→ **The data**:
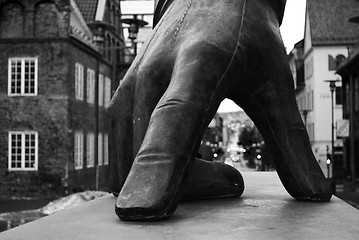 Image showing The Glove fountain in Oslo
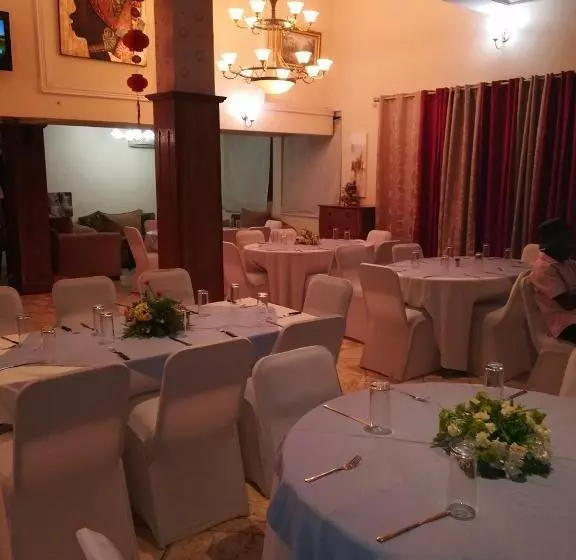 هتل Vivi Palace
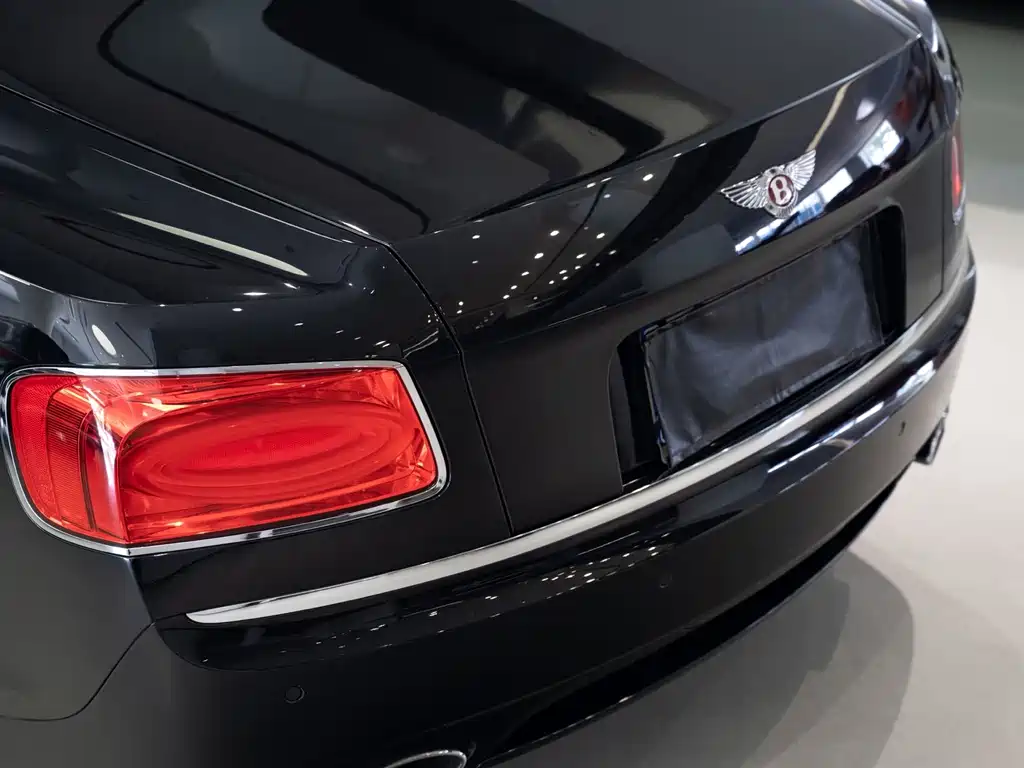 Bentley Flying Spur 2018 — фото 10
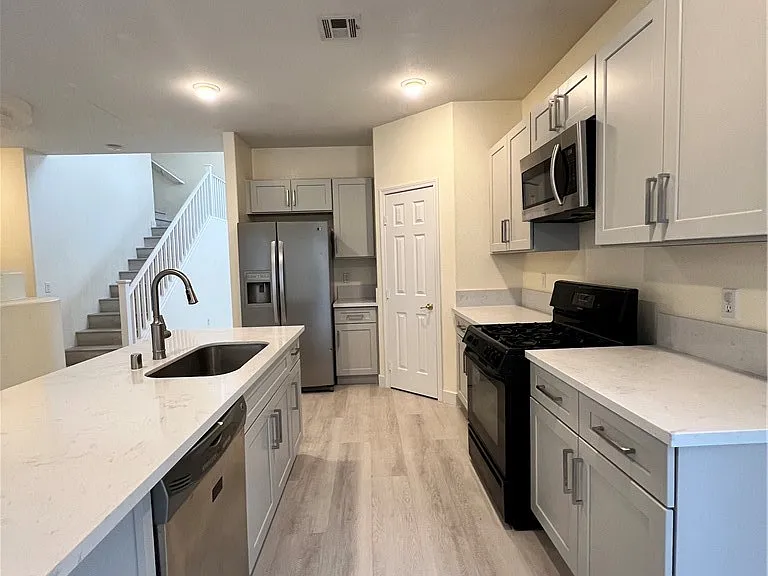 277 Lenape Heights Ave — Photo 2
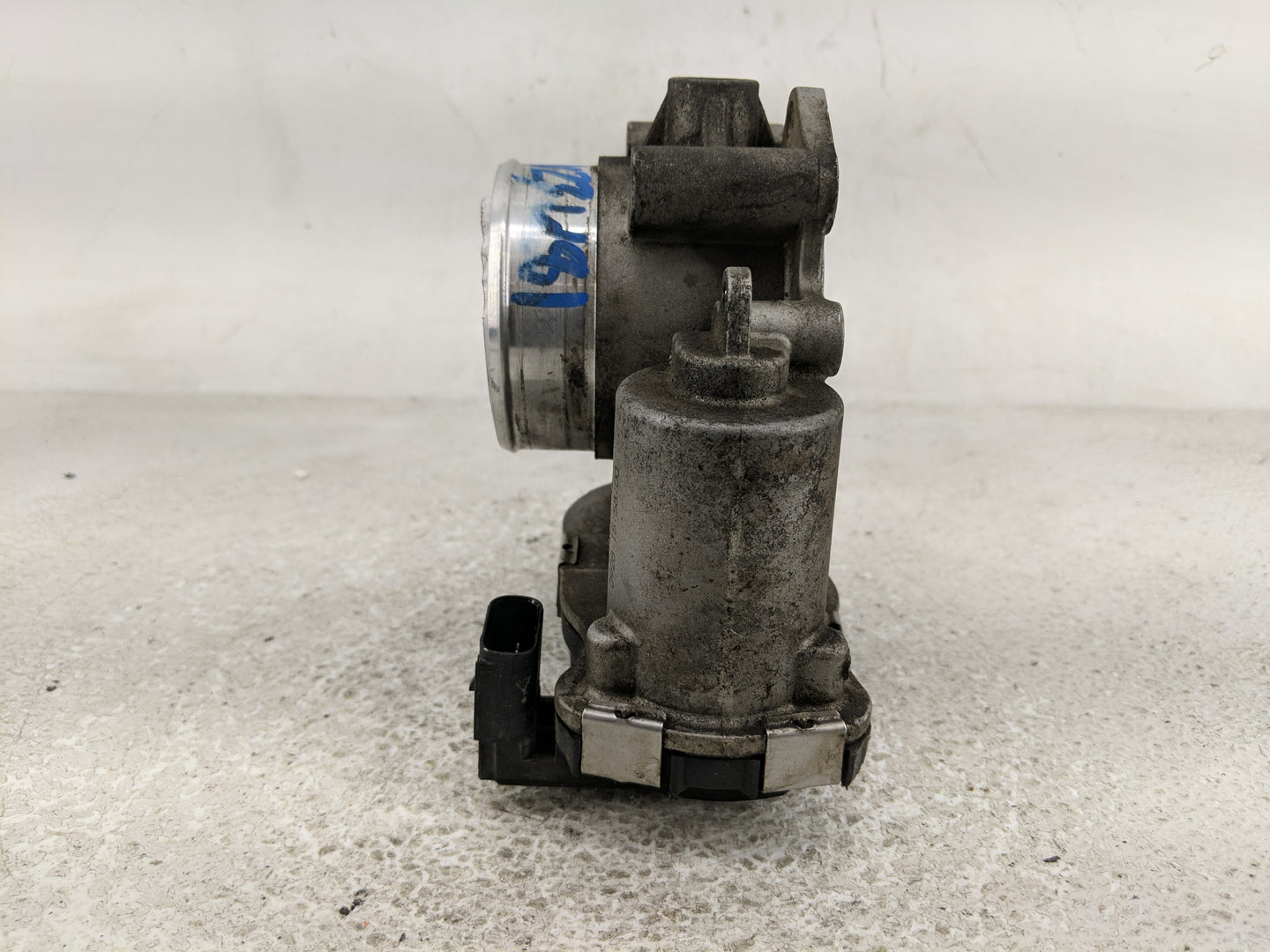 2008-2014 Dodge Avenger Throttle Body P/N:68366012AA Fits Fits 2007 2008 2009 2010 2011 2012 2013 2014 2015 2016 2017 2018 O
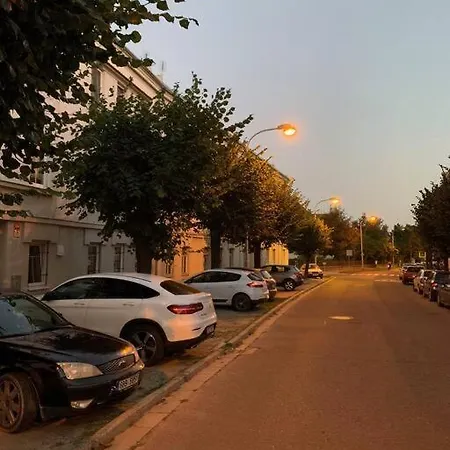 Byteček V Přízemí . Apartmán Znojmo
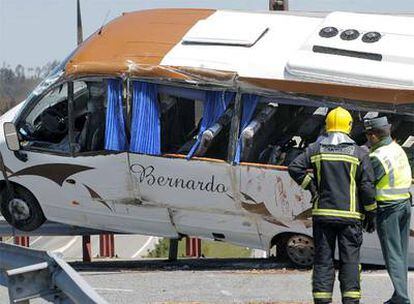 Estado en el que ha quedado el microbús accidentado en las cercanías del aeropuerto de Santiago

--

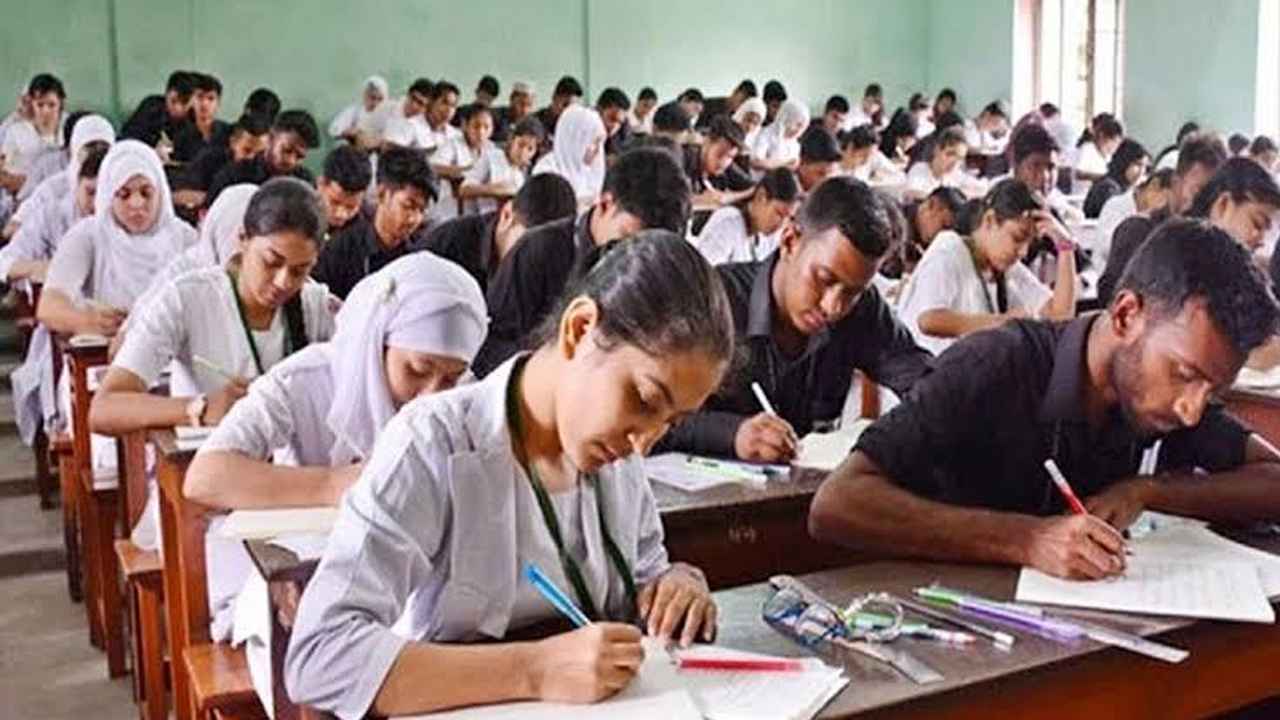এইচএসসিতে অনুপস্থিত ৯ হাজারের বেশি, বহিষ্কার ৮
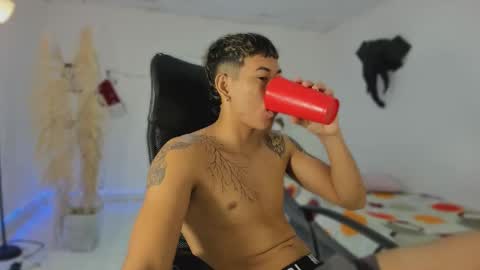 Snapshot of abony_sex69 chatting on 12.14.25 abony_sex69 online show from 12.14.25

...

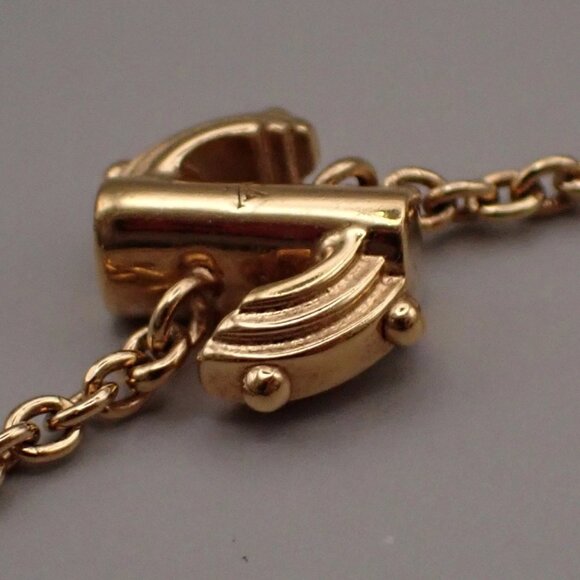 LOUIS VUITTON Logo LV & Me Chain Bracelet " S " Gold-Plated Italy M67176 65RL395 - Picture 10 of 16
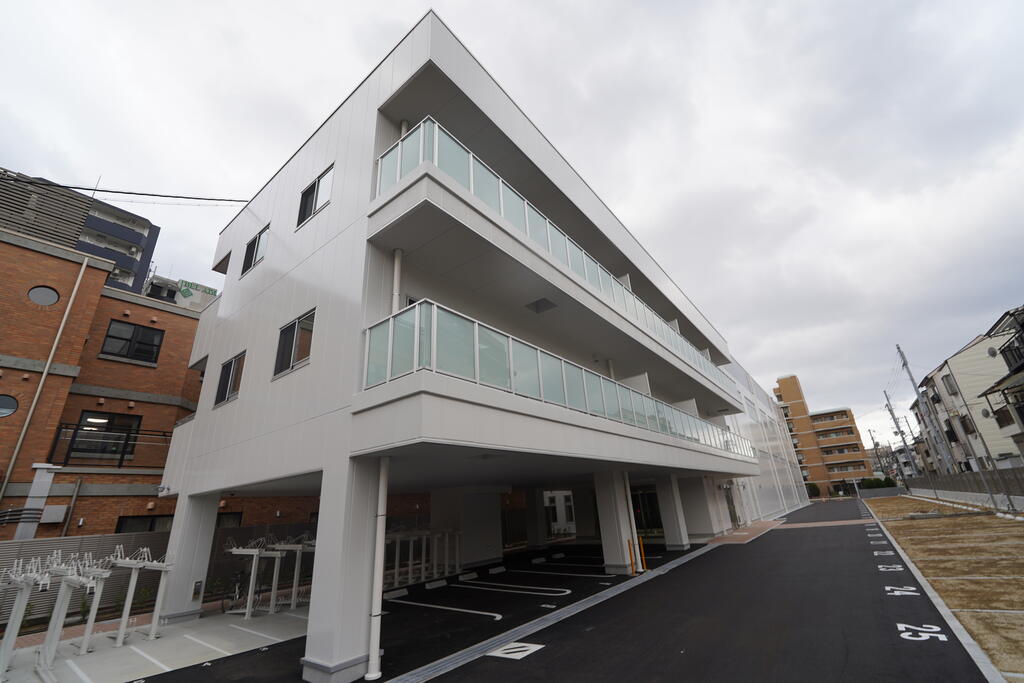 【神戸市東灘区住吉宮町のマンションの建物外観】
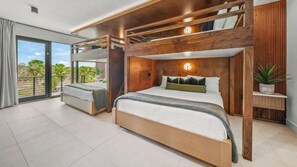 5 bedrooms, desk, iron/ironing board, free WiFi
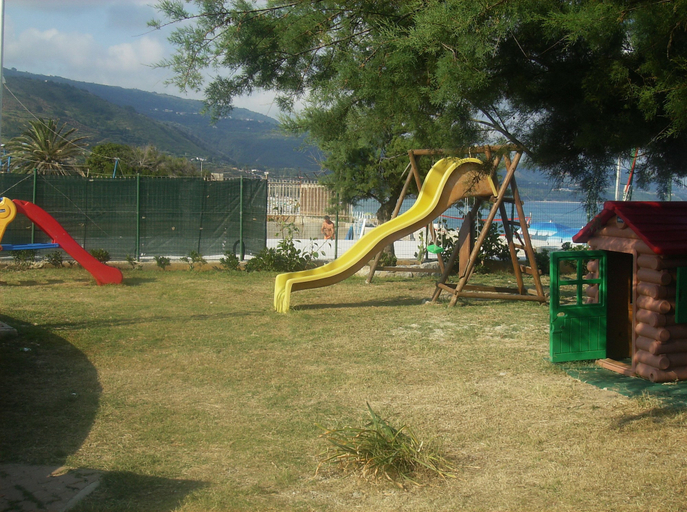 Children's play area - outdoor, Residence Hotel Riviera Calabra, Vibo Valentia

→ **Task requirements**:
Above are some records. Reproduce the lines from the one with "Image showing The Glove fountain in Oslo" down to the one with "2008-2014 Dodge Avenger", keeping both, and leave every picture out.

→ **Task output**:
 Image showing The Glove fountain in Oslo
 هتل Vivi Palace
 Bentley Flying Spur 2018 — фото 10
 277 Lenape Heights Ave — Photo 2
 2008-2014 Dodge Avenger Throttle Body P/N:68366012AA Fits Fits 2007 2008 2009 2010 2011 2012 2013 2014 2015 2016 2017 2018 O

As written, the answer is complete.